INFORMATION GIVEN
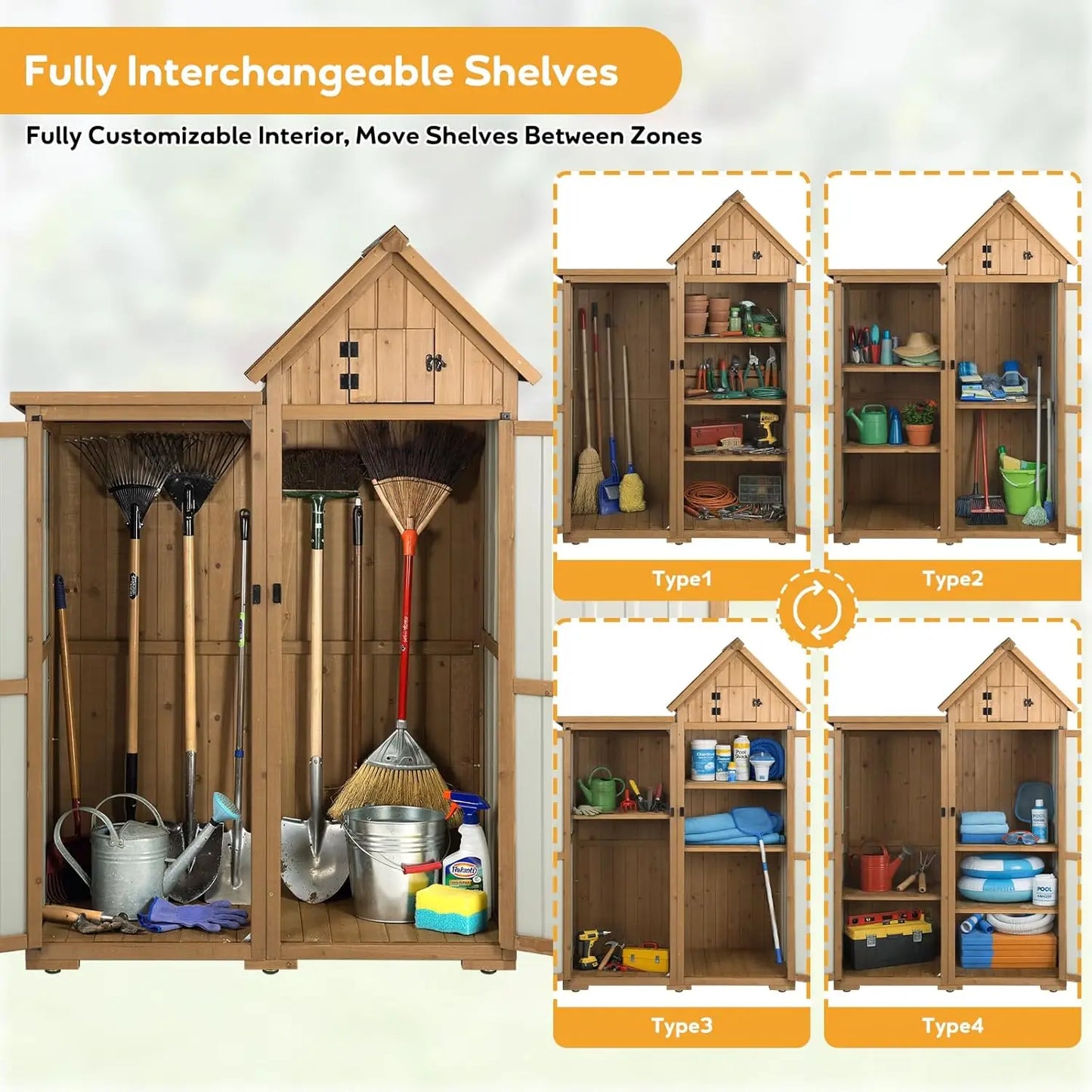 Outdoor Storage Cabinet Metal And Wood Garden Shed Lockable Doors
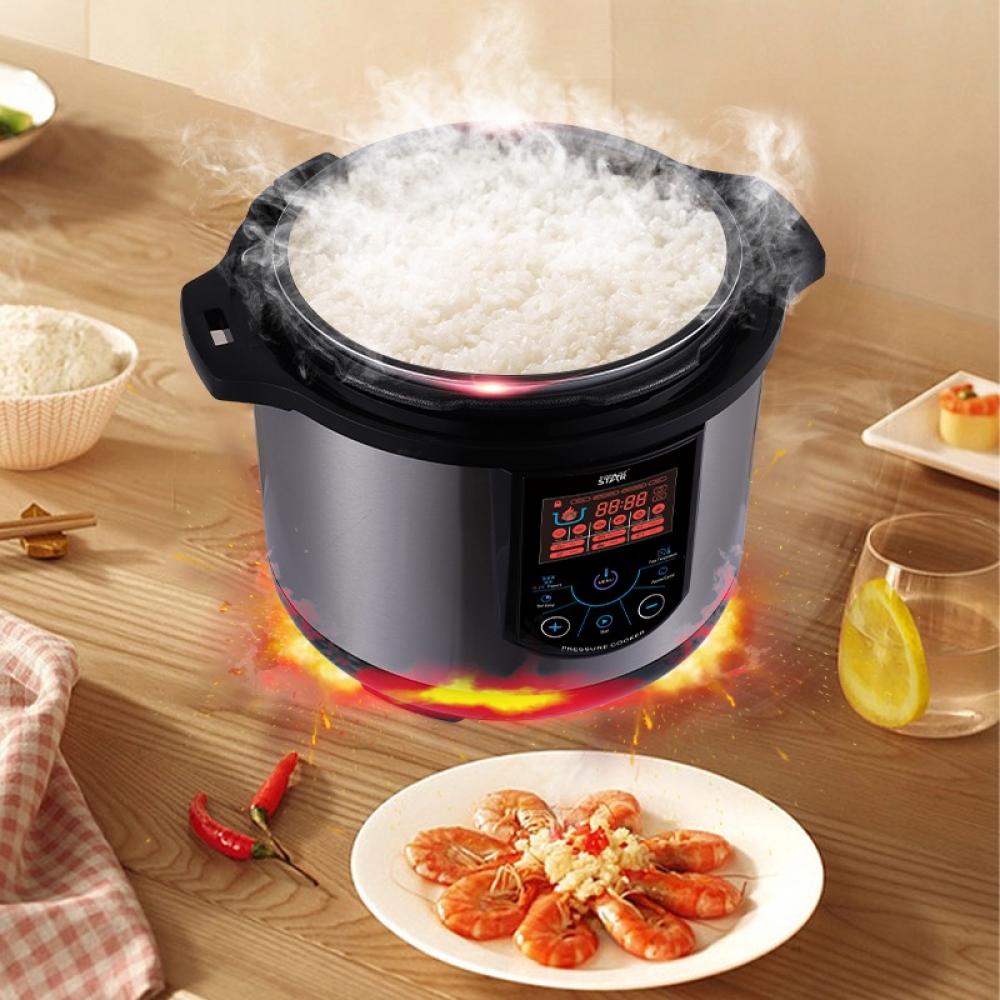 Winning Star, Pressure Cooker, 10 Liter Capacity, Digital, 14 Functions, Measuring Spoon And Cup Accessories, Stainless Steel, 1350 Watts, Black Silver, M/St-9336 - View 3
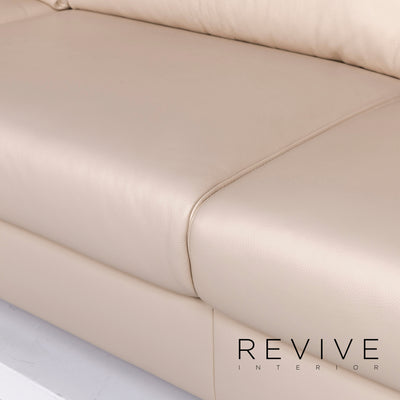 Ewald Schillig Leder Sofa Creme Ecksofa inkl. elektrische Vitalfunktion #10754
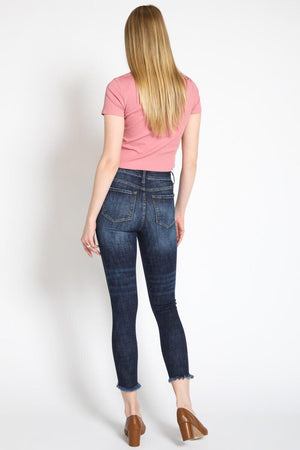 Kancan - Women's Mid Rise Distressed Ankle Skinny Jeans - kc7274 - SaltTree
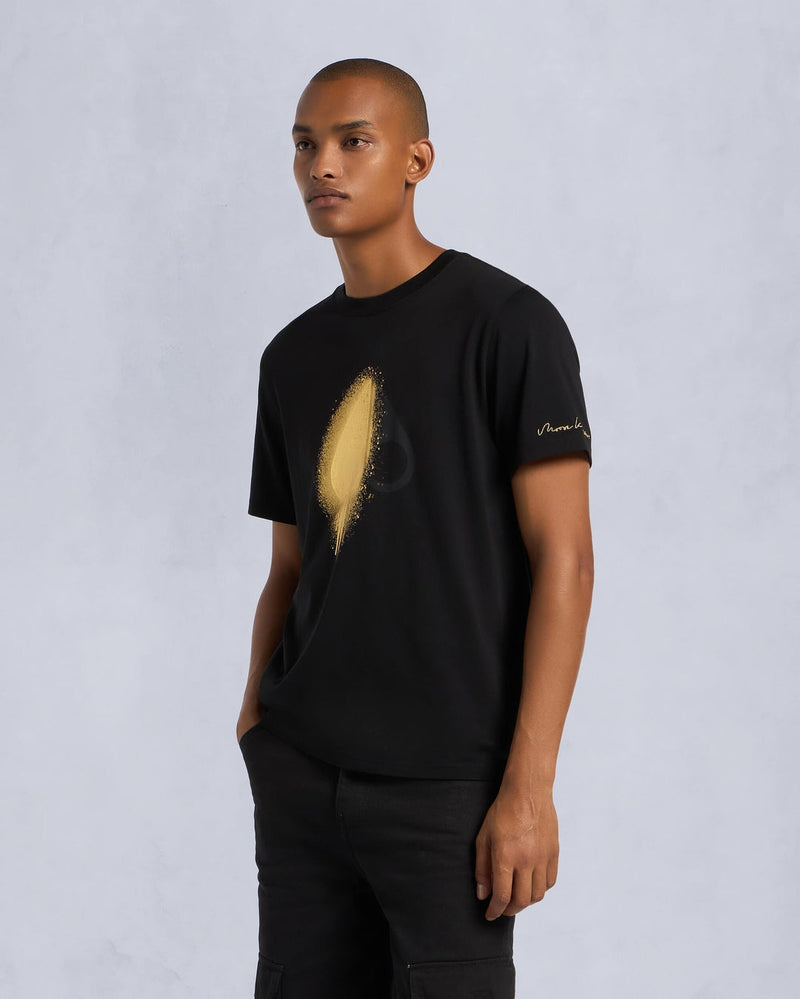 Moose Knuckles Mens Augstine Tee Gold in Black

YOUR GOAL
Give the entries again exactly. Pictures stay out.

EXPECTED ANSWER
 Outdoor Storage Cabinet Metal And Wood Garden Shed Lockable Doors
 Winning Star, Pressure Cooker, 10 Liter Capacity, Digital, 14 Functions, Measuring Spoon And Cup Accessories, Stainless Steel, 1350 Watts, Black Silver, M/St-9336 - View 3
 Ewald Schillig Leder Sofa Creme Ecksofa inkl. elektrische Vitalfunktion #10754
 Kancan - Women's Mid Rise Distressed Ankle Skinny Jeans - kc7274 - SaltTree
 Moose Knuckles Mens Augstine Tee Gold in Black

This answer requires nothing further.